* _WORK REQUIRED_
A verbatim reprint of the records below is what this exercise asks for.

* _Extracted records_
===
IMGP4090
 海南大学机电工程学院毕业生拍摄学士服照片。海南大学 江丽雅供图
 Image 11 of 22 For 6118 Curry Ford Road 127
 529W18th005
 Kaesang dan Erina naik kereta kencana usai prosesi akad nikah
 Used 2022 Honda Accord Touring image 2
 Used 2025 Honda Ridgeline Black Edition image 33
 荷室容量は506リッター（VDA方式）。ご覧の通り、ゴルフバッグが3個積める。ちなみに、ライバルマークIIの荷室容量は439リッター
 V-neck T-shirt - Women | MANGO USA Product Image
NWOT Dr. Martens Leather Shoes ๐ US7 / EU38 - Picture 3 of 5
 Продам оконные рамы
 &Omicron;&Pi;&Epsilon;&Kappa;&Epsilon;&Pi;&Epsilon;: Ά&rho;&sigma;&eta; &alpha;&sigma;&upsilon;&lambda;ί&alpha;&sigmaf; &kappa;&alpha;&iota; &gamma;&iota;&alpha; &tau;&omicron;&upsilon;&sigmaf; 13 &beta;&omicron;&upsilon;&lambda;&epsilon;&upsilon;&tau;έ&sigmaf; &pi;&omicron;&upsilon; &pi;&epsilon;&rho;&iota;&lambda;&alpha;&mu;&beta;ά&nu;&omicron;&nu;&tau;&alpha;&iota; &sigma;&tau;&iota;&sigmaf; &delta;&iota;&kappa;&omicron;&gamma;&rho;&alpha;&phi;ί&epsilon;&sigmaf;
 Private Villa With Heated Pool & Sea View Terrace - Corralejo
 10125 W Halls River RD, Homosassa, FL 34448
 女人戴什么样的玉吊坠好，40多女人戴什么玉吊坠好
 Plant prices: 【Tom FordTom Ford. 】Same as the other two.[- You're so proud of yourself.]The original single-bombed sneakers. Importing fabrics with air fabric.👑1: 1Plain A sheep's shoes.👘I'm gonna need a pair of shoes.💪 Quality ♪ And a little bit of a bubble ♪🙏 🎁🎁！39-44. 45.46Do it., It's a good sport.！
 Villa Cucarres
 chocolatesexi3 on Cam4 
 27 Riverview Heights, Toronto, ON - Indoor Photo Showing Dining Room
===
* _RESULT OF THE EXERCISE_
IMGP4090
 海南大学机电工程学院毕业生拍摄学士服照片。海南大学 江丽雅供图
 Image 11 of 22 For 6118 Curry Ford Road 127
 529W18th005
 Kaesang dan Erina naik kereta kencana usai prosesi akad nikah
 Used 2022 Honda Accord Touring image 2
 Used 2025 Honda Ridgeline Black Edition image 33
 荷室容量は506リッター（VDA方式）。ご覧の通り、ゴルフバッグが3個積める。ちなみに、ライバルマークIIの荷室容量は439リッター
 V-neck T-shirt - Women | MANGO USA Product Image
NWOT Dr. Martens Leather Shoes ๐ US7 / EU38 - Picture 3 of 5
 Продам оконные рамы
 &Omicron;&Pi;&Epsilon;&Kappa;&Epsilon;&Pi;&Epsilon;: Ά&rho;&sigma;&eta; &alpha;&sigma;&upsilon;&lambda;ί&alpha;&sigmaf; &kappa;&alpha;&iota; &gamma;&iota;&alpha; &tau;&omicron;&upsilon;&sigmaf; 13 &beta;&omicron;&upsilon;&lambda;&epsilon;&upsilon;&tau;έ&sigmaf; &pi;&omicron;&upsilon; &pi;&epsilon;&rho;&iota;&lambda;&alpha;&mu;&beta;ά&nu;&omicron;&nu;&tau;&alpha;&iota; &sigma;&tau;&iota;&sigmaf; &delta;&iota;&kappa;&omicron;&gamma;&rho;&alpha;&phi;ί&epsilon;&sigmaf;
 Private Villa With Heated Pool & Sea View Terrace - Corralejo
 10125 W Halls River RD, Homosassa, FL 34448
 女人戴什么样的玉吊坠好，40多女人戴什么玉吊坠好
 Plant prices: 【Tom FordTom Ford. 】Same as the other two.[- You're so proud of yourself.]The original single-bombed sneakers. Importing fabrics with air fabric.👑1: 1Plain A sheep's shoes.👘I'm gonna need a pair of shoes.💪 Quality ♪ And a little bit of a bubble ♪🙏 🎁🎁！39-44. 45.46Do it., It's a good sport.！
 Villa Cucarres
 chocolatesexi3 on Cam4 
 27 Riverview Heights, Toronto, ON - Indoor Photo Showing Dining Room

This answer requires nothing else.